AIM OF THE EXERCISE: Would you retype exactly the lines below, starting with the one that has "Saab 9-3 II" and going on through the one that has "9022 Henry Thoreau RD, Charlotte, NC 28214", with no pictures and nothing else?
======== TASK MATERIAL ========
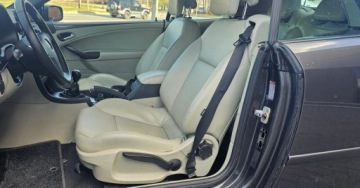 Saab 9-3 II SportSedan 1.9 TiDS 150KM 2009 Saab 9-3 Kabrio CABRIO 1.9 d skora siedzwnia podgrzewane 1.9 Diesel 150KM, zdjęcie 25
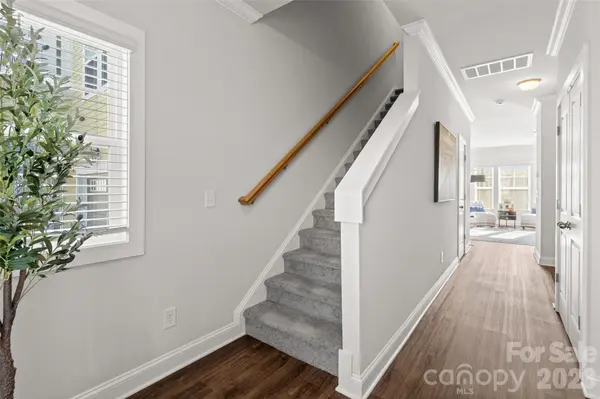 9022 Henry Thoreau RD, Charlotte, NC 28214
========
======== TASK MATERIAL ========
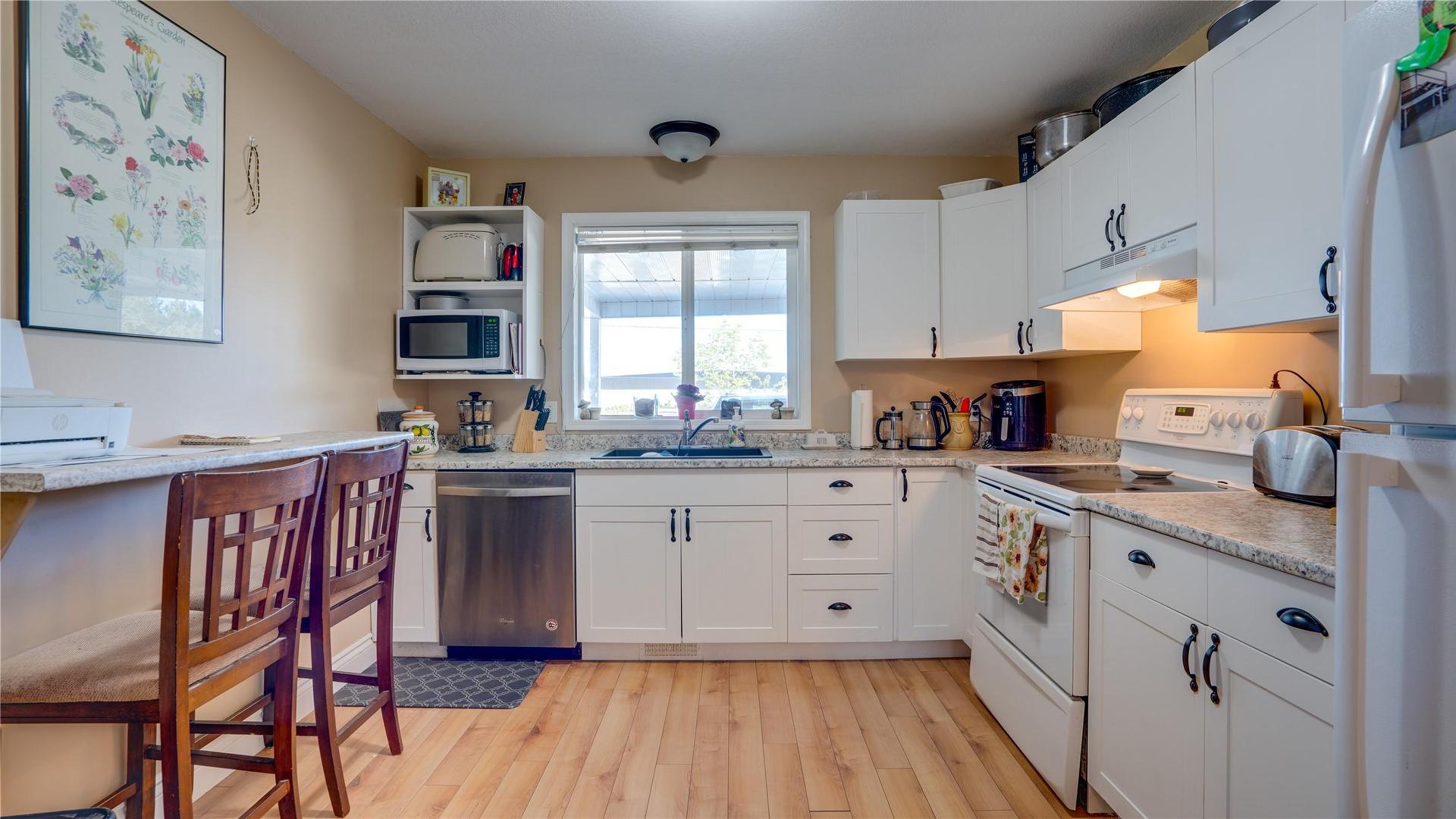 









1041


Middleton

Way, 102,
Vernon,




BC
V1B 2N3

========
RESULT FOR THIS EXERCISE:
 Saab 9-3 II SportSedan 1.9 TiDS 150KM 2009 Saab 9-3 Kabrio CABRIO 1.9 d skora siedzwnia podgrzewane 1.9 Diesel 150KM, zdjęcie 25
 9022 Henry Thoreau RD, Charlotte, NC 28214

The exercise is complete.